Sin pensarlo ni un segundo —y con la estela de la sonrisa juvenil todavía visible en su cara—, la señora Panicker estiró el brazo y le dio un bofetón en la cara a Reggie. Su hijo se levantó de un salto de la silla, llevándose una mano a la mejilla encendida, y durante un momento se limitó a mirarla con odio. Luego su mano salió disparada hacia la garganta de ella como si tuviera intención de estrangularla. Antes de que sus dedos pudieran agarrarse a nada, sin embargo, el nuevo inquilino estaba de pie y se había interpuesto entre madre e hijo. Las manos del señor Shane salieron disparadas hacia delante y antes de que Parkins entendiera del todo lo que estaba pasando Reggie Panicker estaba tumbado de espaldas sobre la alfombra ovalada. De la nariz le salía una sangre de color intenso.

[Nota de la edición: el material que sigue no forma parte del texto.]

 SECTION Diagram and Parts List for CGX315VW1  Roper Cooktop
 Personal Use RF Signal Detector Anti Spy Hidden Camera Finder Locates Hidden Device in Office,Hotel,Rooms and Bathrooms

Se incorporó sobre su trasero. La sangre le cayó sobre el cuello de la camisa y se llevó un dedo a la aleta izquierda de la nariz para contenerla. El señor Shane le ofreció una mano y Reggie la apartó de un manotazo. Se puso de pie y soltó un ruidoso soplido. Se quedó mirando a Shane y después hizo un gesto de asentimiento con la cabeza en dirección a la señora Panicker.

—Madre —dijo.

Luego dio media vuelta y salió.

—Madre —dijo el loro, con su voz suave.

Linus Steinman estaba mirando a Bruno con el cariño intenso que era la única emoción reconocible que Parkins le había visto expresar alguna vez. Y luego, con una voz clara, tierna y aflautada que Parkins no había oído nunca, el pájaro empezó a cantar.

Wien, Wien, Wien

Sterbende Märchenstadt.

Era una bonita voz de contralto y resultaba, al salir entrecortada del pico del animal gris del rincón, inquietantemente humana. La estuvieron escuchando un momento y luego Linus Steinman se levantó de su silla y fue hasta la percha. El pájaro guardó silencio y saltó al brazo extendido que le estaba siendo ofrecido. El niño se volvió hacia los demás y sus ojos estaban llenos de lágrimas y también de una pregunta muy simple.

—Sí, querido —dijo la señora Panicker con un suspiro—. Puedes irte si quieres.